- Genre: Drama
- Written by: Stephanie Dadet (HW.); Fatima Binta Gimsay; Uchenna Ugwu; Tariux Akhere; Bubbles;
- Directed by: Amanze Abara; Uche Ikejimba;
- Starring: Kunle Coker; Zainab Popoola; Chinonso Arubayi; Adetola Jones; Martha Ehinome; Raymond Adeka; Venita Akpofure; Frankincense Eche-Ben; Rotimi Adelegan;
- Country of origin: Nigeria
- Original language: English
- No. of seasons: 1
- No. of episodes: 13

Production
- Executive producer: Uche Ikejimba
- Editor: Jolomi Odokuma
- Running time: 24–25 minutes
- Production company: Blink Africa

Original release
- Network: Africa Magic
- Release: 5 January 2024 – present

= Manfriend =

Nigerian TV series

Manfriend, is a 2024 Africa Magic Original Nigeria television drama, executively produced by Uche Ikejimba, and starring Kunle Coker, Zainab Popoola, Chinonso Arubayi, Adetola Jones, Martha Ehinome, Raymond Adeka, Venita Akpofure, Frankincense Eche-Ben, and Rotimi Adelegan.

==Plot==
Manfriend tells the story of the Kings, following the fallout of their parents Tersoo and Wandoo, who reunite as secret lovers.

==Cast==
===Main===
- Kunle Coker - Tersoo King
- Zainab Popoola - Wandoo King
- Chinonso Arubayi - Dooshima King
- Adetola Jones - Doosur King
- Martha Ehinome - Mimidoo King
- Raymond Adeka - TAJ
- Venita Akpofure - Tessy
- Frankiscense Eche Ben - Dr Obi
- Rotimi Adelegan - Segun

===Supporting===
- Omobola Akinde - Aunty Shadee
- May Anne - Aunty Oge
- Eniola Elizabeth - Marie
- Marian Osioh - Ivie

==Episode==

| Season | Episodes |  | Originally released |  |
| First released | Last released |
| 1 | 13 |  | January 5, 2024 | March 29, 2024 |

===Season 1 (2024)===

| No. | Title | Original release date |
| 1 | TBA | 5 January 2024 |
Welcome to the chaotic lives of the King's family.
| 2 | TBA | 12 January 2024 |
Wandoo reacts to the news of Tersoo's engagement.
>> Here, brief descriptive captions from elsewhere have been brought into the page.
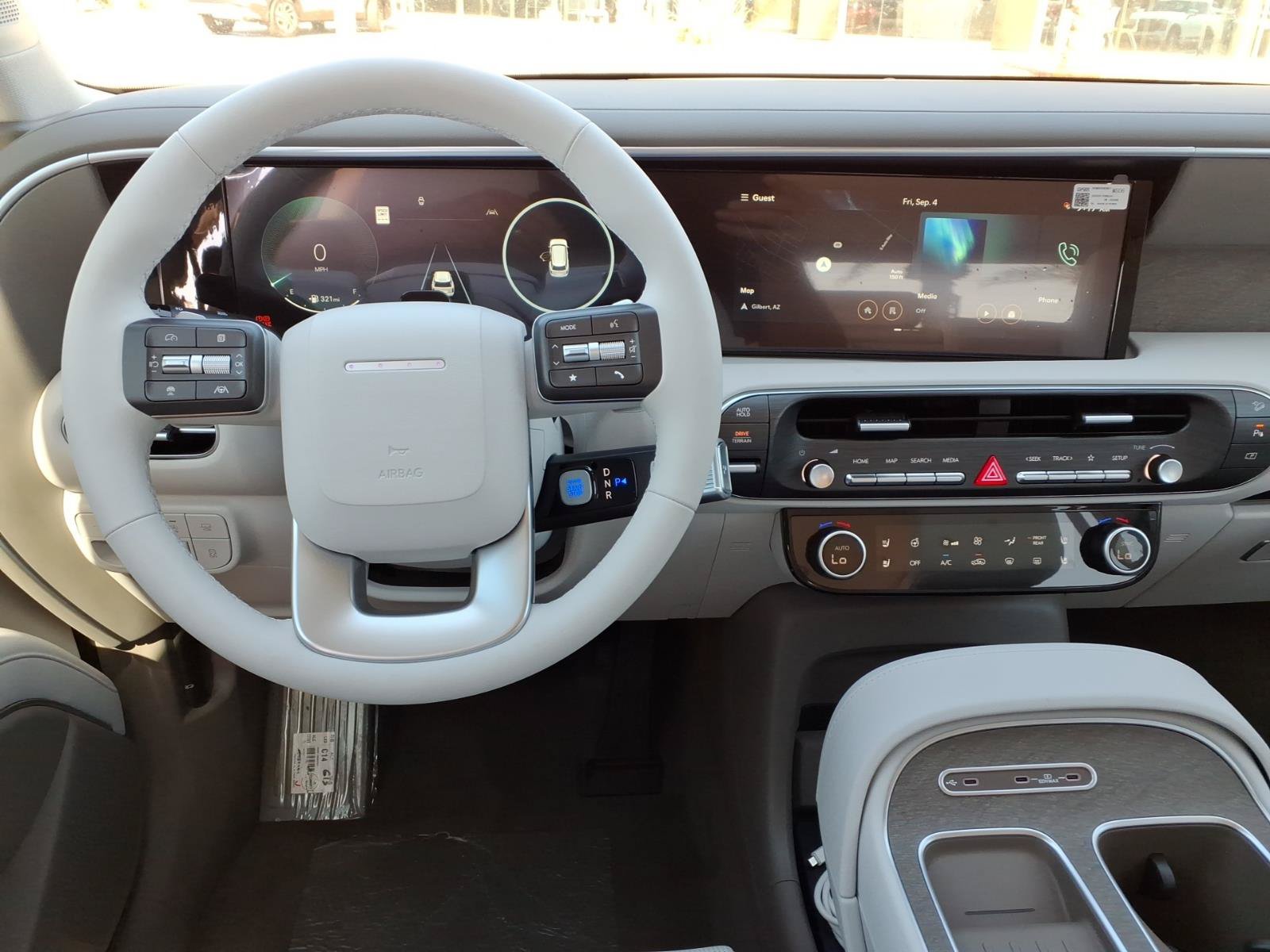 New 2026 Hyundai Palisade SEL AWD/4WD image 10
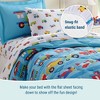 Wildkin Microfiber Bed in a Bag for Kids - 4 of 4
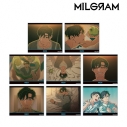 【グッズ-カード】MILGRAM -ミルグラム- トレーディング MV アクリルカード カズイ『カモフラージュ』の画像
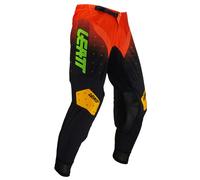 Leatt 2024 Pantaloni Moto 4.5 Citrus MX Fuoristrada Enduro Quad ATV
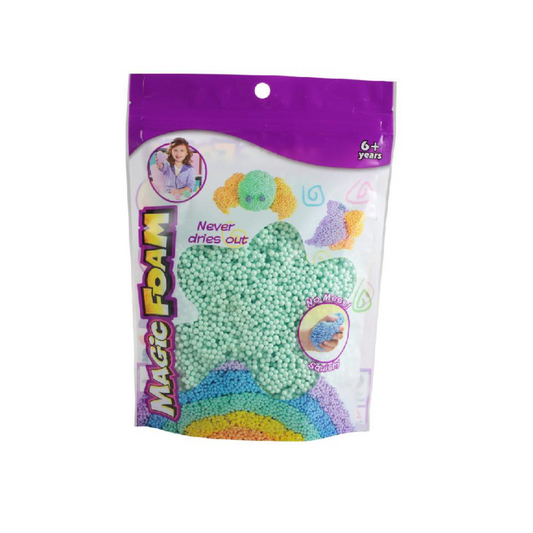 MAGIC FOAM CLAY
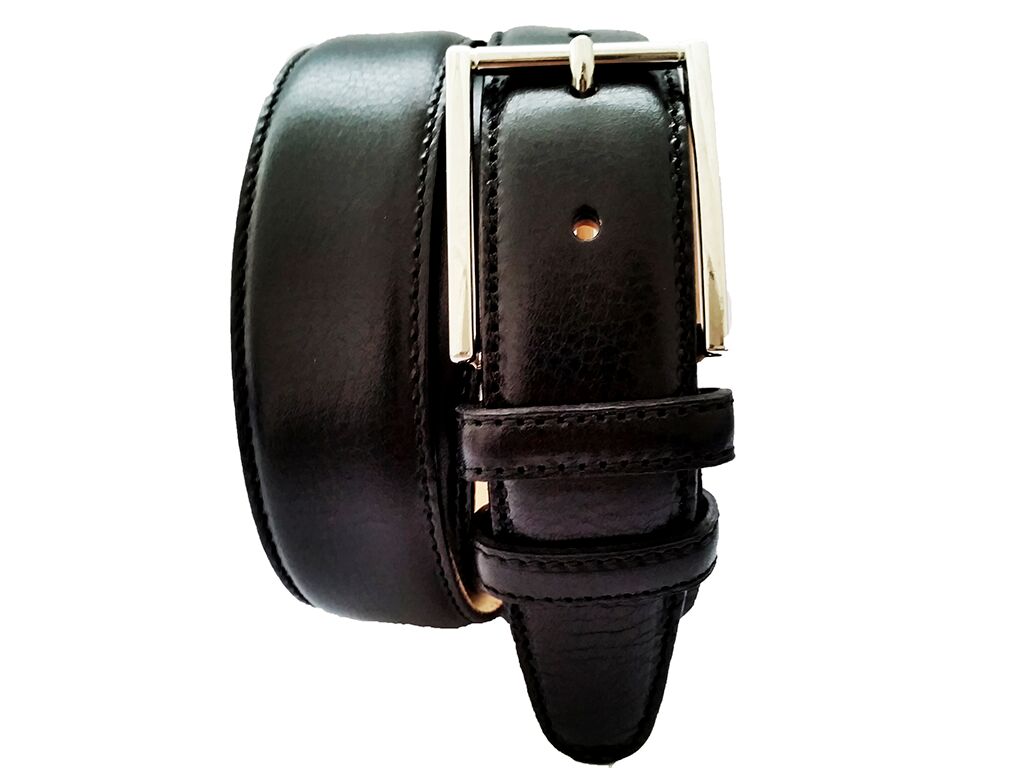 Philipsons Belte 35MM Base Belte Sort - chrismoa.no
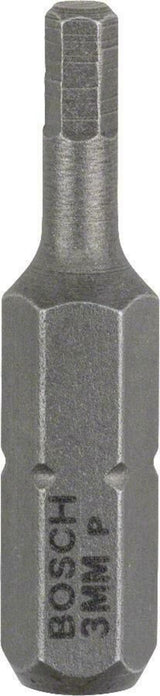 Bosch Prof screwdriver bit hexagon HEX3 (3)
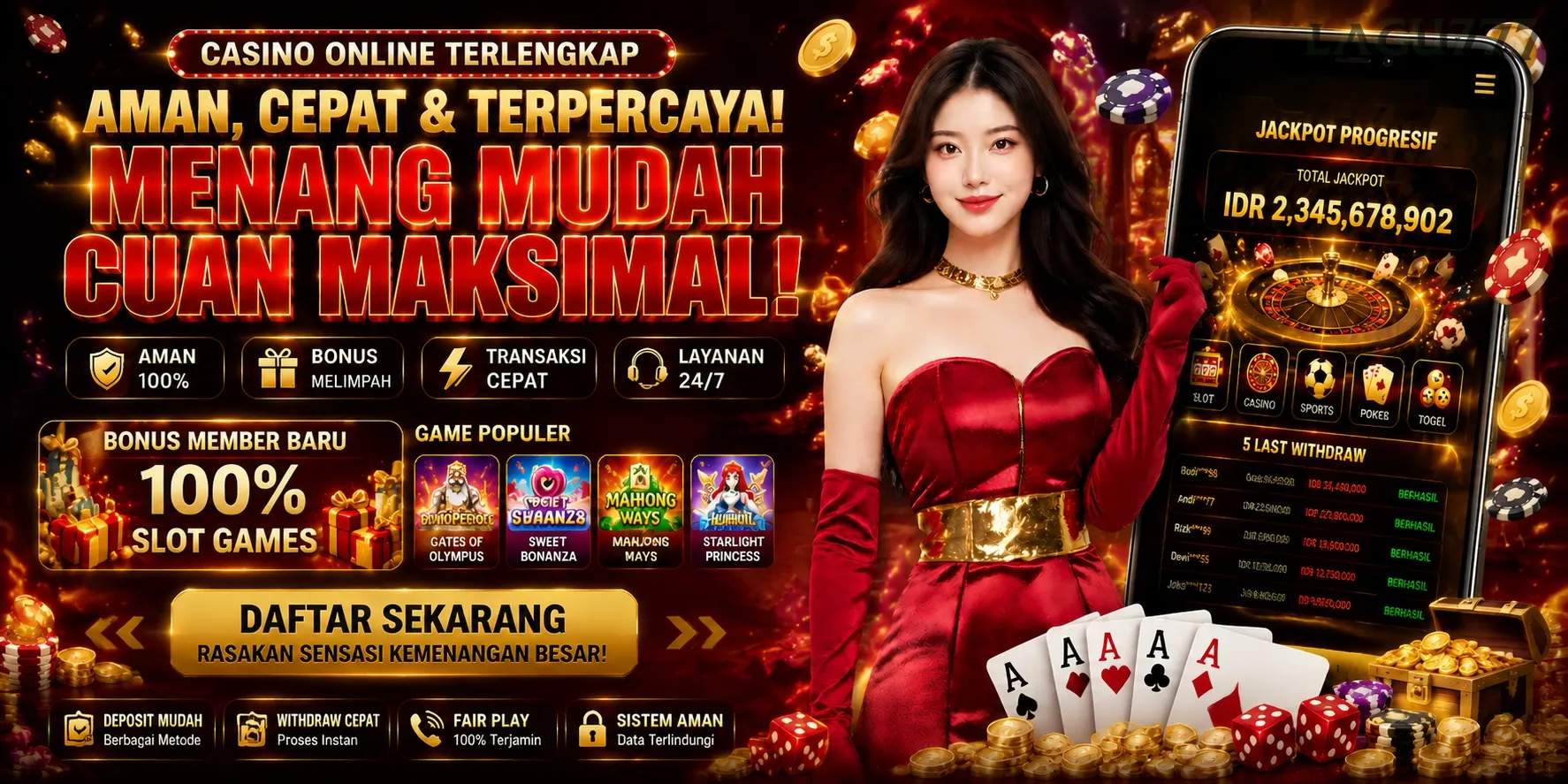 lagu777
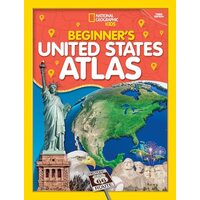 Beginner's U. S. Atlas 2020, 3rd Edition
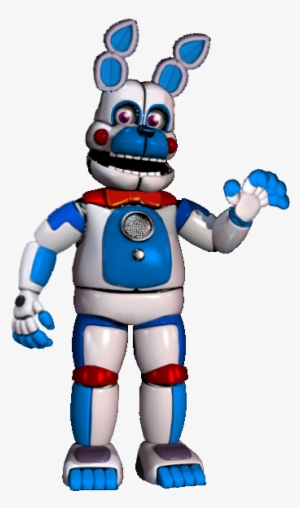 Fnaf Sl Funtime Bonnie #2310438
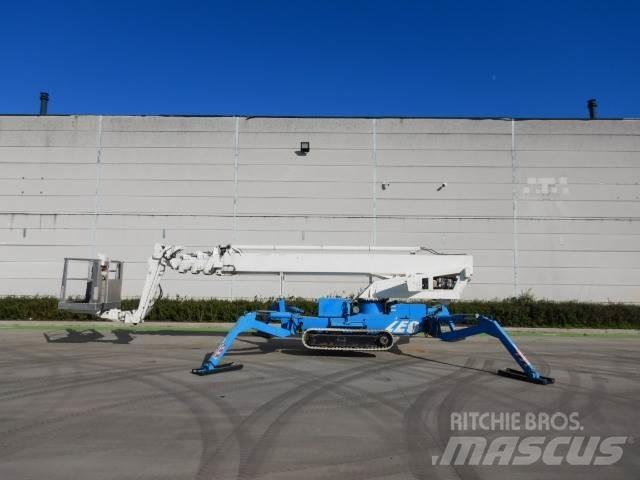 Teupen Leo 30 Alte ascensoare si platforme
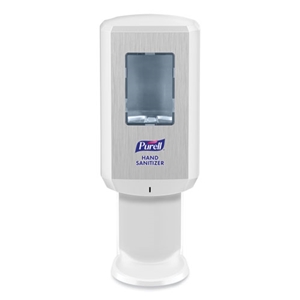 PURELL Cs6 Hand Sanitizer Dispenser, 1,200 Ml, 5.79 X 3.93 X 15.64, White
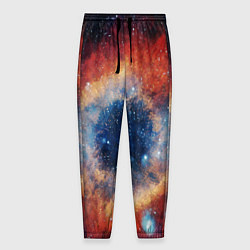 Мужские брюки Взрыв к космосе
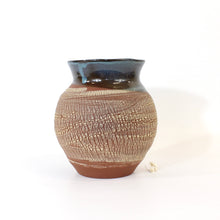 Load image into Gallery viewer, Bespoke NZ handmade large ceramic vase | ASH&amp;STONE Ceramics Shop Auckland NZ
Dooshima reveals where her money really goes to. Doosuur becomes a bone of contention and Wandoo makes a decision.
| 3 | TBA | 19 January 2024 |
Doosuur goes through it as she devises ways of meeting up Wandoo's incredible request.
| 4 | TBA | 26 January 2024 |
Aftermath of Wandoo's encounter with Obi. Dooshima gives succor to the one she loves.
| 5 | TBA | 2 February 2024 |
Dooshima's canadian plans hang. Doosuur unleashes on Dooshima. Obi and Wandoo walk into trouble.
| 6 | TBA | 9 February 2024 |
Dooshima stalks her runaway lover and also reveals a big secret.
| 7 | TBA | 16 February 2024 |
Dooshima tells her mum a big lie. Doosur has a "bestie" moment with Taj. Mimidoo communicates with her lover.
| 8 | TBA | 23 February 2024 |
Tersoo discovers Obi. Doosuur avoids Taj.
| 9 | TBA | 1 March 2024 |
Secrets are uncovered as Doosuur has dejavu with Wandoo. Tersoo makes an unusual request from Obi.
| 10 | TBA | 8 March 2024 |
Tersoo confronts obi about dating Wandoo, while Doosuurs little secret is about to be uncovered.
| 11 | TBA | 15 March 2024 |
Mimidoo gives her family a shock when she introduces her mystery boyfriend. Taj demands honesty from Doosuur.
| 12 | TBA | 22 March 2024 |
Taj insists on honesty from Doosuur, while Mimidoo surprises her family by her revelations, causing unexpected reactions.
| 13 | TBA | 29 March 2024 |
Dooshima speaks out against her father's neglect and infidelity, revealing a deep-seated rift within the family.

==Release==
On 4 January 2024, Africa Magic announced "Manfriend" as 1 of its 4 TV programs to start the new year.

==Broadcast history==
The TV series premiered on 5 January 2024 on Africa Magic Showcase and Showmax.